It'd be interesting to see what a combination of these two could do, and at this point I feel like a logical next step would be to provide some setting in popular ML libraries such that backprop can be switched for PCM. Being able to verify this research just be adding a single extra line for the PCM version, and perhaps replicating state-of-the-art architectures, would be quite valuable.

[+] eutropia|5 years ago|reply

Here's a more recent paper (March, 2021) which cites the above paper: https://arxiv.org/abs/2103.04689 "Predictive Coding Can Do Exact Backpropagation on Any Neural Network"

[+] abraxas|5 years ago|reply

I’m going to personally flog any researcher who titles their next paper “Predictive Coding Is All You Need”. You’ve been warned.

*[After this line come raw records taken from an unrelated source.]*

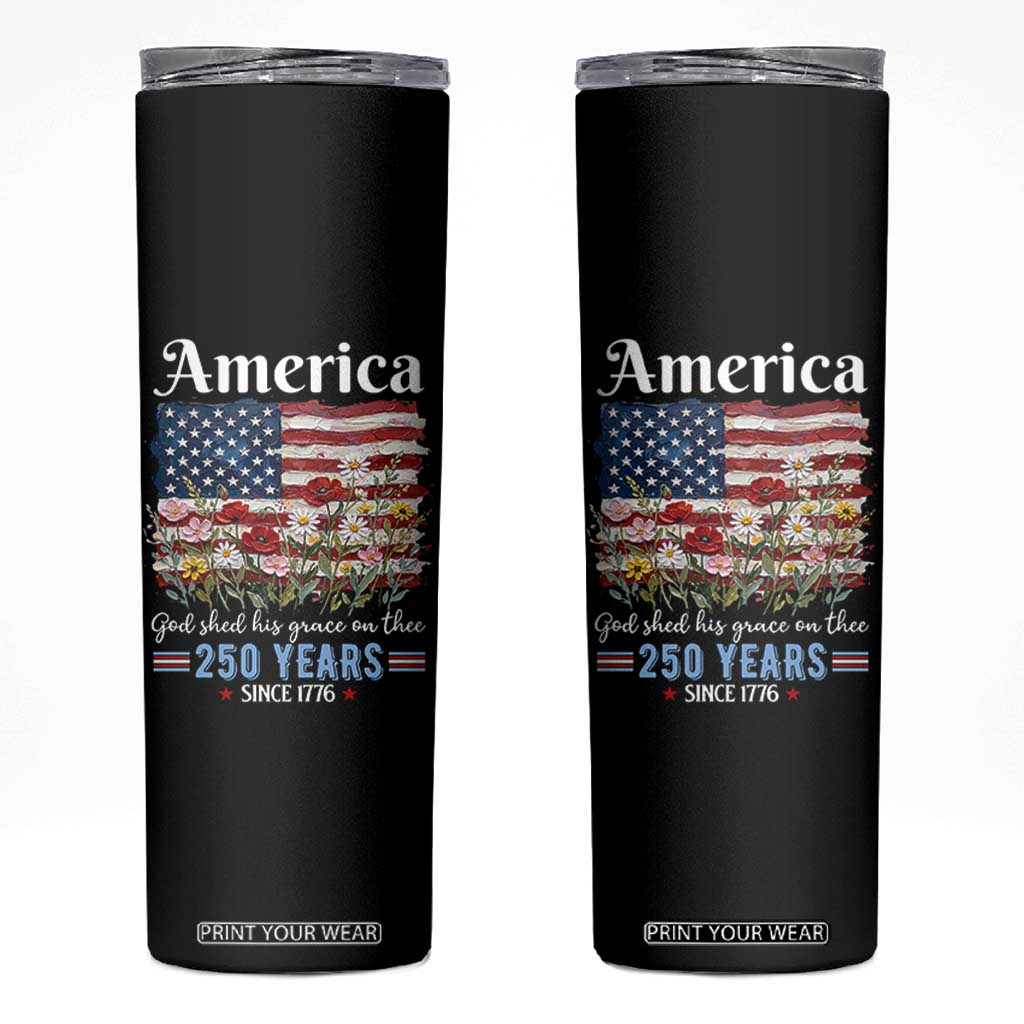 America God Shed His Grace On Thee 250 Years Since 1776 Skinny Tumbler TS11 Black Print Your Wear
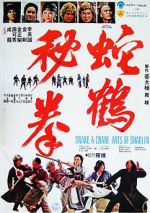 Watch Snake and Crane Arts of Shaolin Myflixer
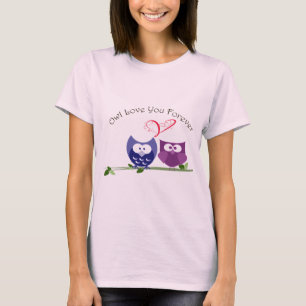 Owl Love You Forever, Cute Owls T-Shirt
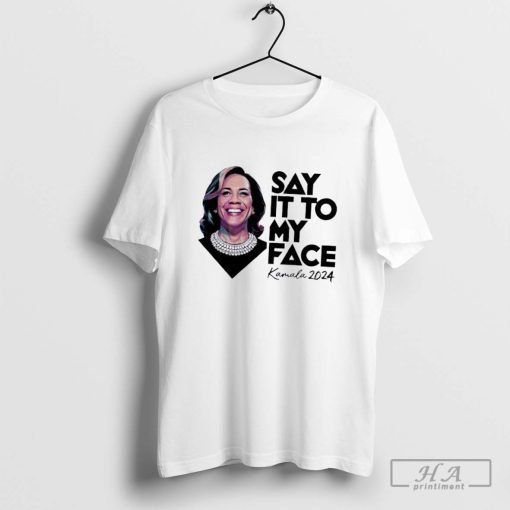 Say it to my face Kamala 2024 shirt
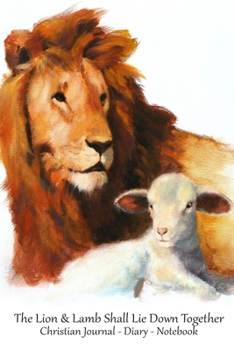 The Lion & Lamb Shall Lie Down Together: Quality Christian Journal, Diary, Notebook: Beautiful Deluxe Christian Symbols Every Page! Gorgeous Custom ... Journals, Diaries & Notebooks Deluxe Series)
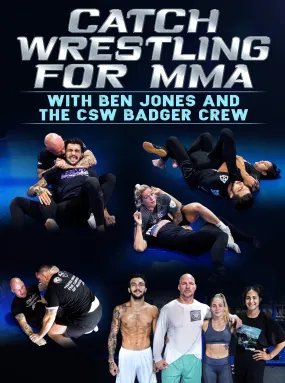 Catch Wrestling For MMA by Ben Jones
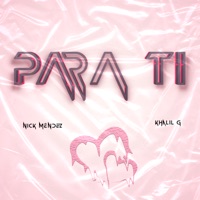 Para Ti - Single - Khalil G & Nick Méndez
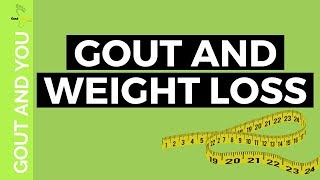 Gout and Weight Loss [upl. by Llebanna538]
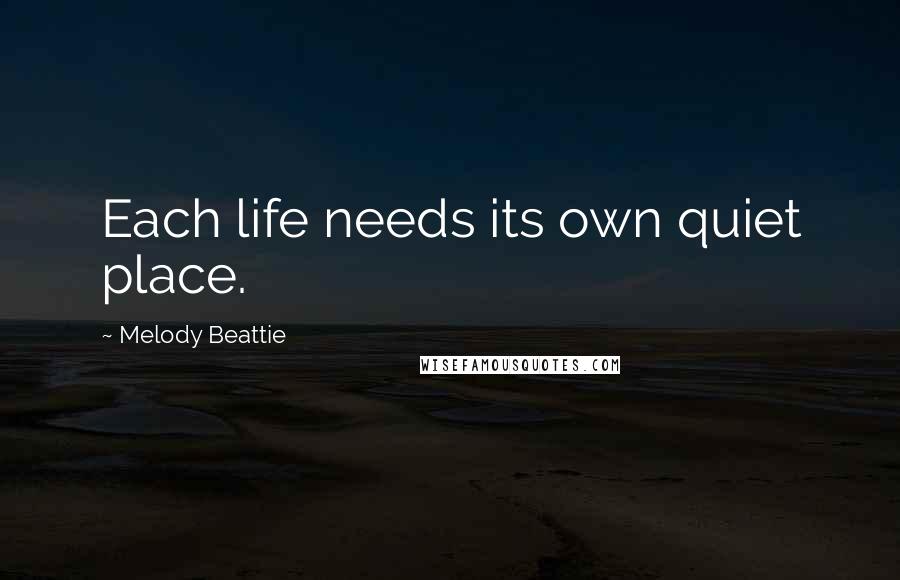 Melody Beattie Quotes: Each life needs its own quiet place.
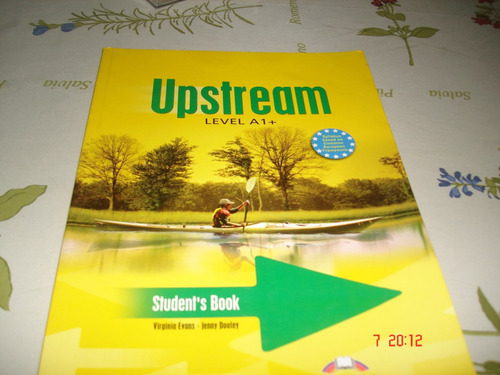 Upstream Level A1+ Student's Book Virginia Evansjenny Dooley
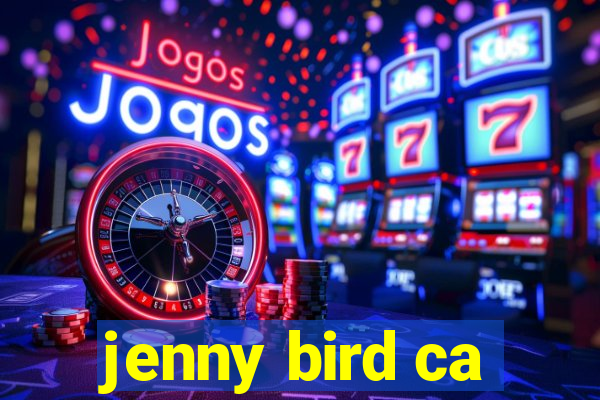 jenny bird ca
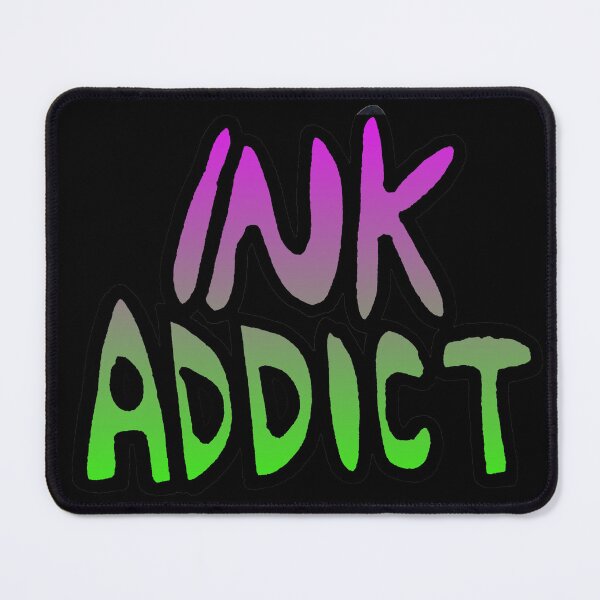 Item preview, Ink Addict designed and sold by Lil-Bit-Batty.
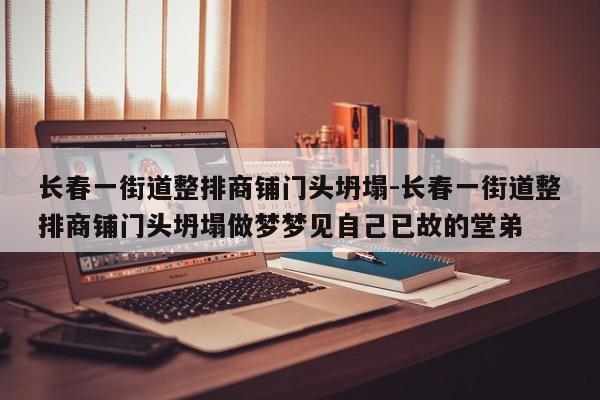 長(zhǎng)春一街道整排商鋪門頭坍塌-長(zhǎng)春一街道整排商鋪門頭坍塌做夢(mèng)夢(mèng)見自己已故的堂弟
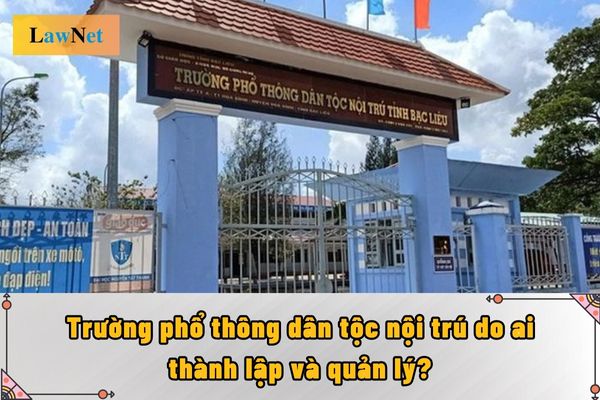 Trường phổ thông dân tộc nội trú do ai thành lập và quản lý?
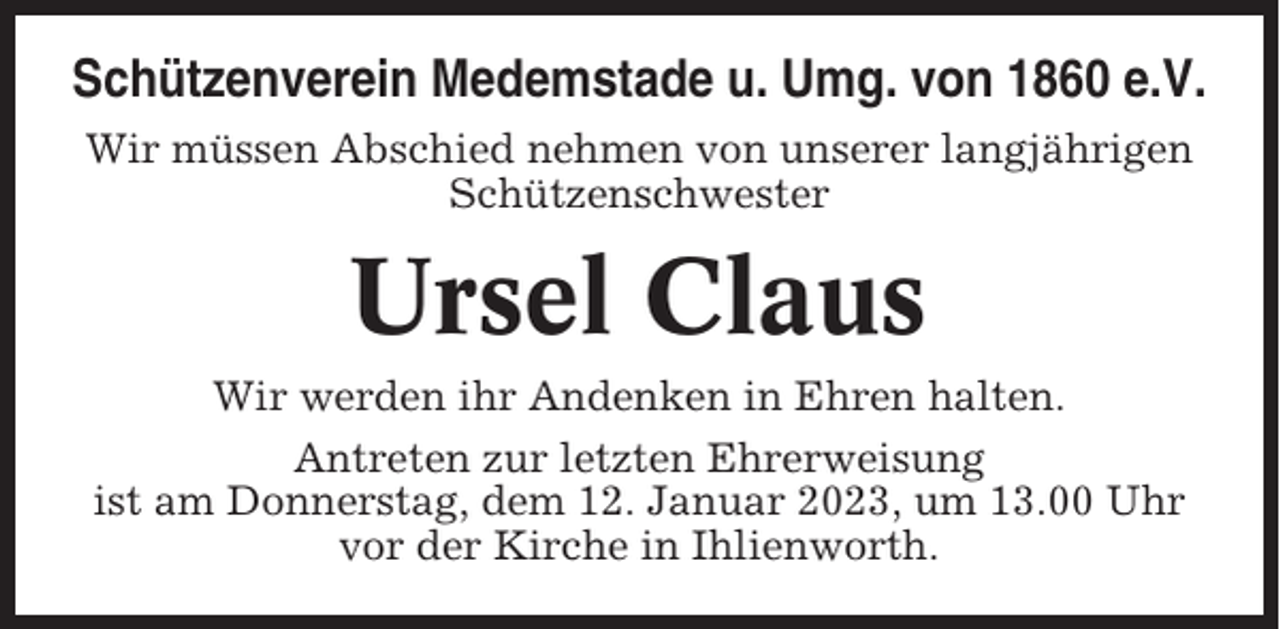 <p>Schützenverein Medemstade u. Umg. von 1860 e.V.<br />Wir müssen Abschied nehmen von unserer langjährigen<br />Schützenschwester</p><p>Ursel Claus<br />Wir werden ihr Andenken in Ehren halten.<br />Antreten zur letzten Ehrerweisung<br />ist am Donnerstag, dem 12. Januar 2023, um 13.00 Uhr<br />vor der Kirche in Ihlienworth.</p>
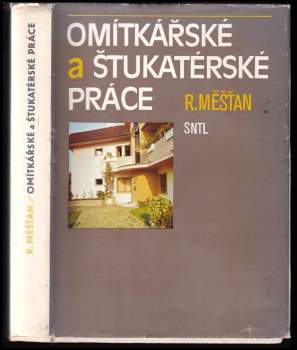 Radomír Měšťan: Omítkářské a štukatérské práce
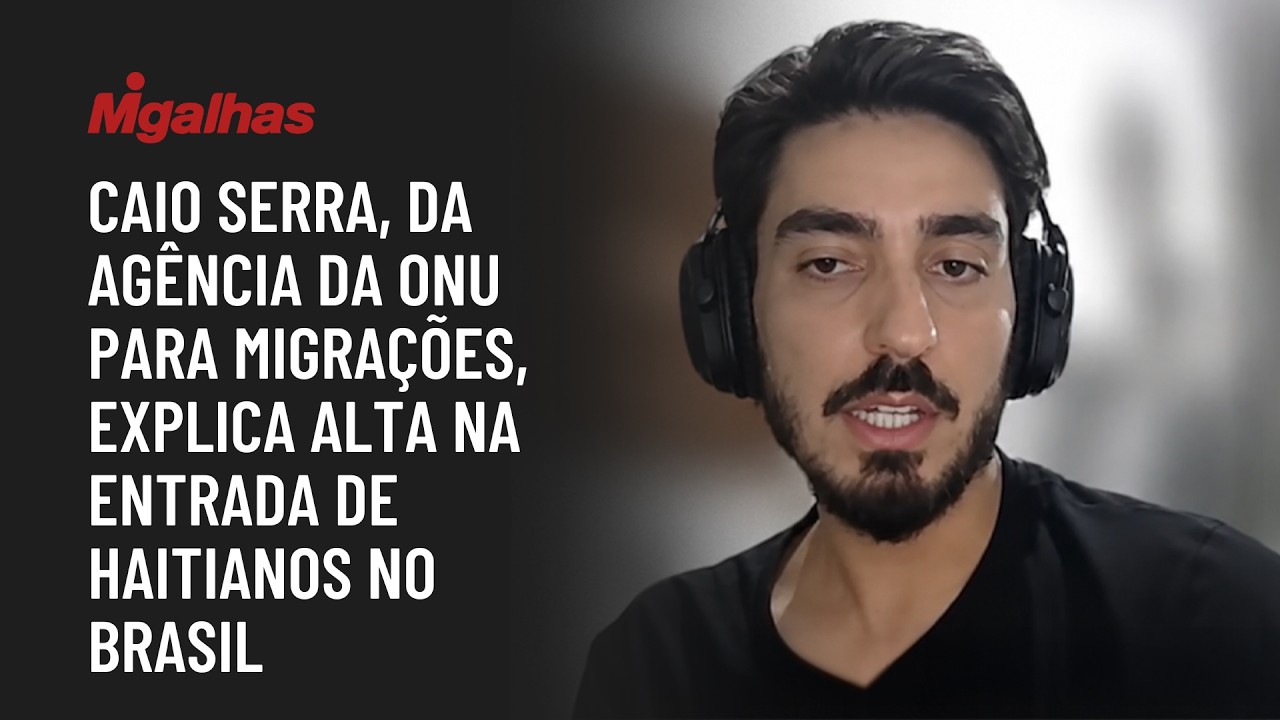 Caio Serra, da agência da ONU para migrações, explica alta na entrada de haitianos no Brasil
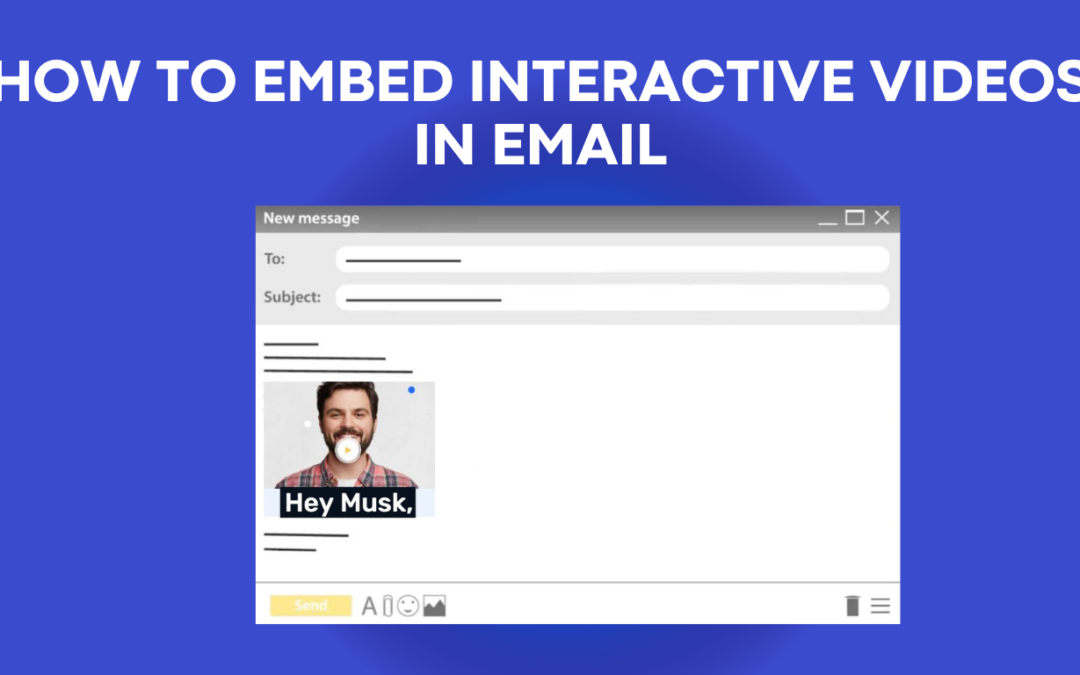 How to embed interactive videos in Email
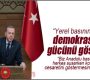 Erdoğan: Yerel basının gücü, demokrasinin gücünü gösterir
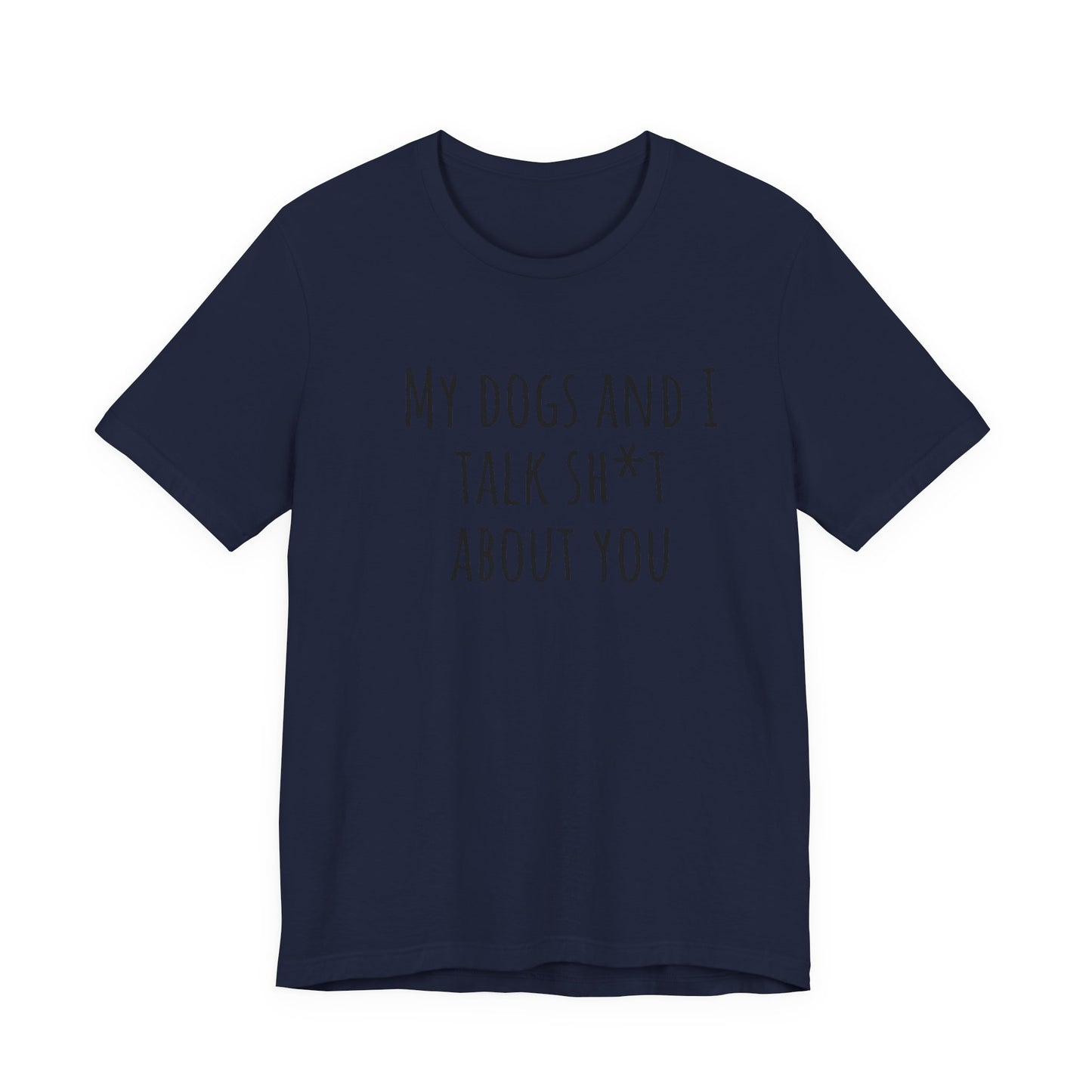 Dogs Talk sh*t about you t-shirt. Unisex Jersey Short Sleeve Tee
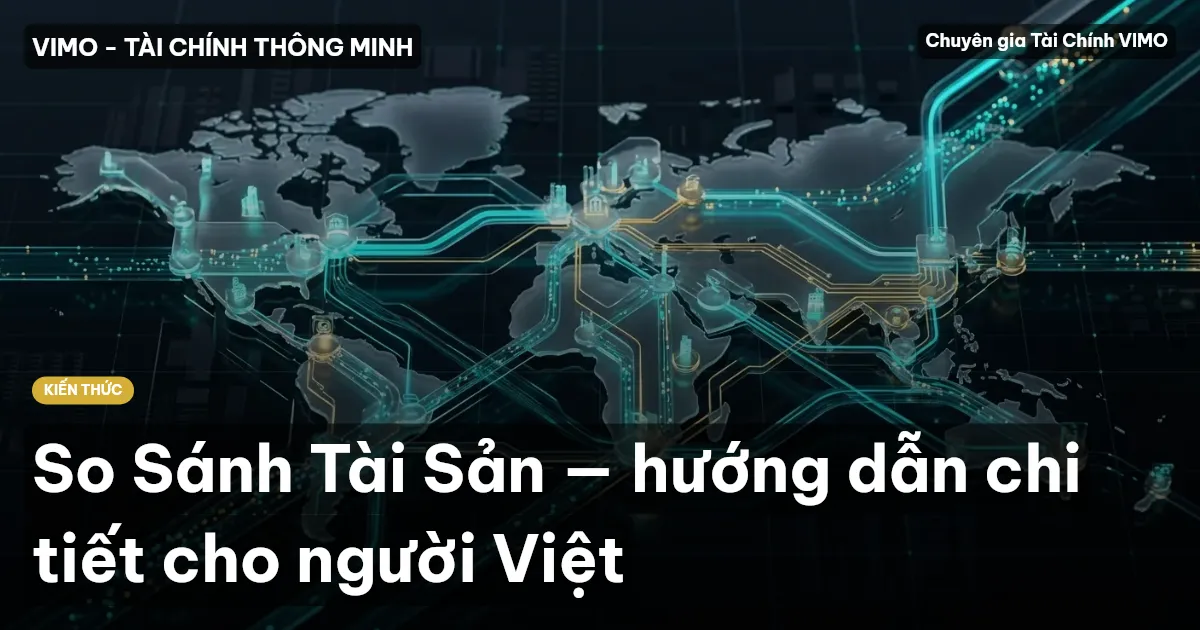 So Sánh Tài Sản — hướng dẫn chi tiết cho người Việt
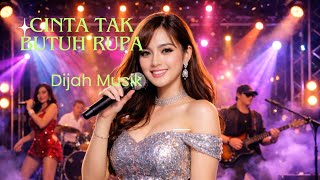 Download lagu CINTA TAK BUTUH RUPA | COVER | DIJAH MUSIK #Laguyanglagitrending #musikdangdut mp3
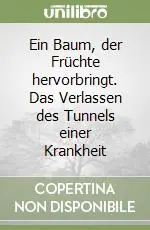 Ein Baum, der Früchte hervorbringt. Das Verlassen des Tunnels einer Krankheit Bestseller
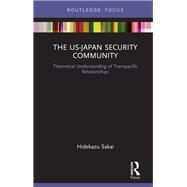 The Us-japan Security Community by Sakai, Hidekazu, 9780367484392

[+] andyxor|5 years ago|reply

the thing is about every week there is a paper published with groundbreaking claims, with this question in particular being very popular, trying to unify neuroscience and deep learning in some way, in search for computational foundations of AI. Mostly this is driven by success of DL in certain industrial applications.

Unfortunately most of these papers are heavy on theory but light on empirical evidence. If we follow the path of natural sciences, theory has to agree with evidence. Otherwise it's just another theory unconstrained by reality, or worse, pseudo-science.

[+] nl|5 years ago|reply

I don’t think anyone familiar with the field is in anyway surprised by this results.

The breakthrough seems really limited to showing it holds for graphs. We already knew this was practically true though anyway.

[+] JackFr|5 years ago|reply

My background is as an interested amateur, but

> also for making it trivial to train models in a fully distributed manner, with all learning done locally

seems like a really huge development.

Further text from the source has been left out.